De 'Murkjen' in gebruik
“Murkjen” was en is een elegant scheepje, dat voortreffelijk zeilt. Ze is heel goed alleen te zeilen. Met een licht lopend windje kon ik de zeilen vast zetten, het roer los laten en haar dan sturen door de fokkeschoot een klein beetje aan te halen of te laten vieren. Ik zat dan tegen het mastdoft. Omdat ik jaarlijks met de boot op vakantie naar Friesland ging, begon ik “Murkjen” snel te klein te vinden. Het eind Groningen - Friesland is met een klein scheepje met een klein buitenboord motortje een stevige tocht. In 1986 kocht ik daarom het grotere Friese jacht “Bestevaer”.
De Ansichtkaart
Toen de foto van de werf van Visser uit Zwijndrecht in de Waterkampioen stond was het voor mij duidelijk dat dit “Murkjen” was. Maar enige bevestiging hiervoor had ik niet. Het oudste werkelijke jaartal dat ik van haar kende lag in de jaren vlak na de Tweede Wereldoorlog. Een zeeverkennersgroep uit Durgerdam was toen eigenaar. Van daarvoor was niets concreets bekend. Ook niet het bouwjaar. Altijd ben ik blijven zoeken naar een originele foto van het exemplaar zoals in de Waterkampioen had gestaan. Een paar jaar geleden vond ik het.

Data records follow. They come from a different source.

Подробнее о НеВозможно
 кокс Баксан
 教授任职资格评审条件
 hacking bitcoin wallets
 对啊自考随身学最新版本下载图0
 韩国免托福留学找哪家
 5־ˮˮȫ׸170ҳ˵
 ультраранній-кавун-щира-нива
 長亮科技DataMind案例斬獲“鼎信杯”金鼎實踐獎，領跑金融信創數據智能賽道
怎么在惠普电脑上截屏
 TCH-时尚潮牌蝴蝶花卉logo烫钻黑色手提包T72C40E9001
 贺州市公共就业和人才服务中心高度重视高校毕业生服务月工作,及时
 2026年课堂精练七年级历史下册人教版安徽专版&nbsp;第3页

Bij het zien de originele ansicht bleef ik twijfelen over het wel of niet aanwezig zijn van het berghout. Murkjen heeft een berghout. Je kunt het niet over het hoofd zien. Bij het scheepje op de ansicht kun je met recht verschillende inzichten hebben. Twijfel dus.
Op het moment dat ik iets heel anders aan het opzoeken was in het boek “Tjotters en Boatsjes” uit 1997 van Dr Ir. J. Vermeer vond ik op bladzijde negenenzestig een hoofdstuk over Lolke en Feike Lantinga uit IJlst waarin de naam van W.Visser uit Zwijndrecht als opdrachtgever stond vermeld. Kern van het relaas is dat er kort voor het verschijnen van het boek “Tjotters en Boatsjes” een aantal klad werfboeken van de werf van Lantinga teruggevonden waren. Het bestaan hiervan was eerder niet bekend. Er worden schepen in beschreven die gebouwd zijn in de periode tussen 1904 en 1922. Een aantal bekende schepen uit die periode ontbreken echter.
“Tjotters en Boatsjes” uit 1997 van Dr Ir. J. Vermeer
Hiermee had ik een link naar de ansicht. Bij de ansicht en de informatie in het boek van de heer Vermeer is het ene een bevestiging van het andere. Misschien kan er iets meer duidelijkheid over de eerste jaren van Murkjen haar bestaan worden gevonden.
[Tekstvak: Murkjen, of niet? Gerard ten Cate 2013] 5
Op bladzijde 70 staat:
...... “Het grootste deel van de plezierjachtjes was bestemd voor opdrachtgevers buiten Friesland. .
...... Evenals bij Van der Zee zien we dat opdrachtgevers later terugkomen en vaak een grotere boot bestellen. Hieronder zijn ook handelaren en/of verhuurbedrijven die vervolgopdrachten geven. ............................................
...... W. Visser, Zwijndrecht - 1918 (nr 59, nr 61, nr 62, nr 63 en nr 64), 1919 (nr 68 en nr 69) en 1920 (nr 76).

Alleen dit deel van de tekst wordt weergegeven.